--- RAW DATA ---

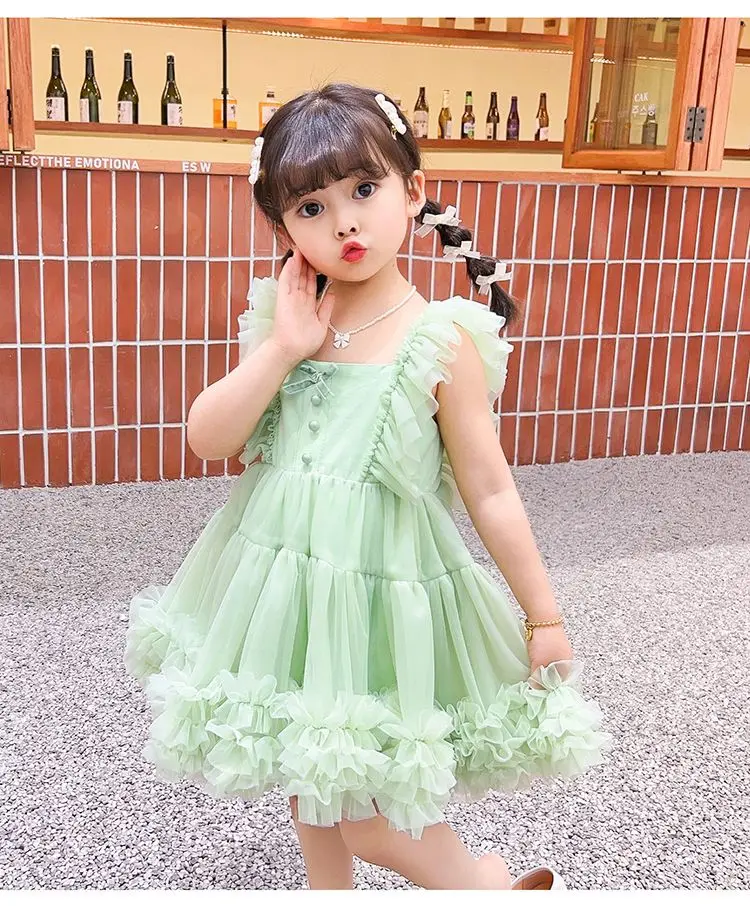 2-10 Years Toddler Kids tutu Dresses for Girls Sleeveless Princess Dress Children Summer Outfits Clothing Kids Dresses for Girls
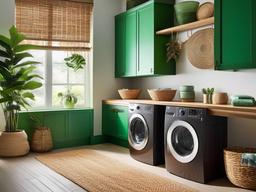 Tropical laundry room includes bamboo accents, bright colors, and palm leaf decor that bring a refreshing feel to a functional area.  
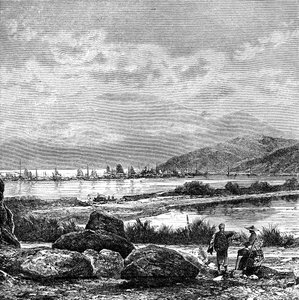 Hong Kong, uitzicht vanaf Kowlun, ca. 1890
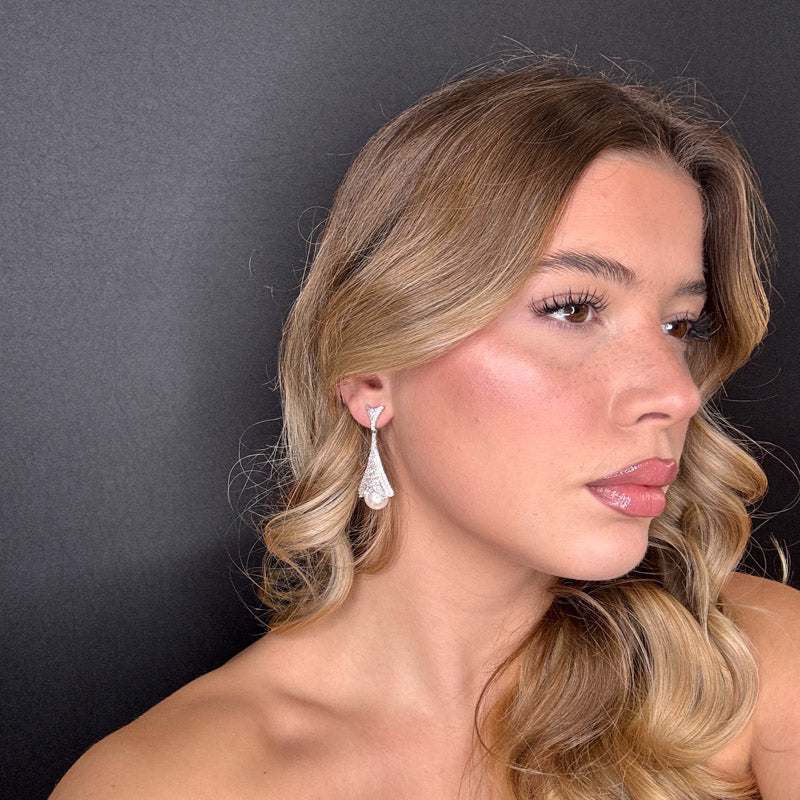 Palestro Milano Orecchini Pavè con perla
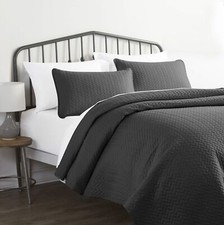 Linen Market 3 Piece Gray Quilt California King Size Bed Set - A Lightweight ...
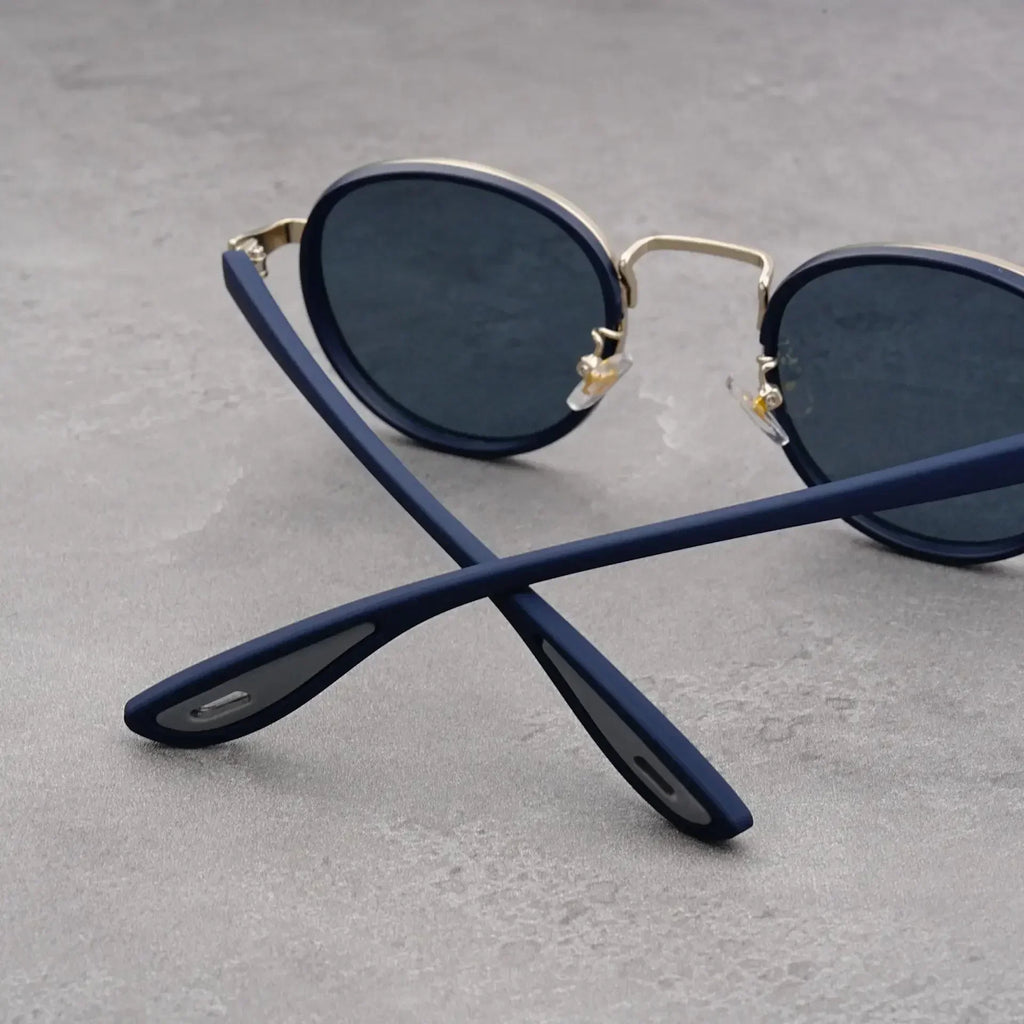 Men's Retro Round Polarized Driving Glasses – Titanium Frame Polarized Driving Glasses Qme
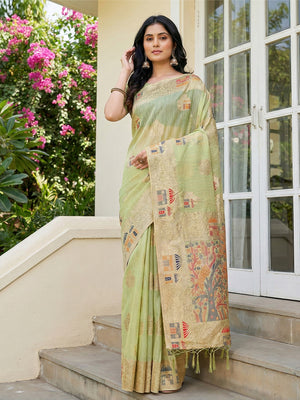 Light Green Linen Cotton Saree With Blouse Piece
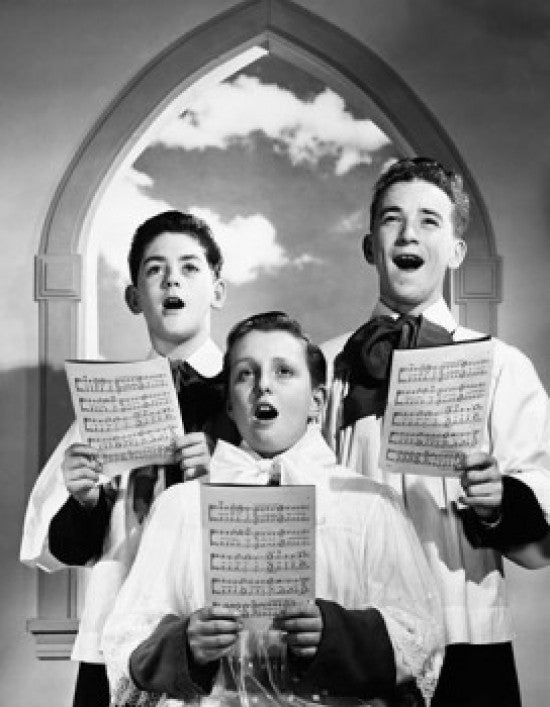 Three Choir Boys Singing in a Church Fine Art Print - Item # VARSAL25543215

---

> TO DO: A word-for-word repeat is expected of the lines from the one with "Light Green Linen" to the end of the data, both included; pictures are not part of it.

> RESULT FOR THIS TASK:
 Light Green Linen Cotton Saree With Blouse Piece
 Three Choir Boys Singing in a Church Fine Art Print - Item # VARSAL25543215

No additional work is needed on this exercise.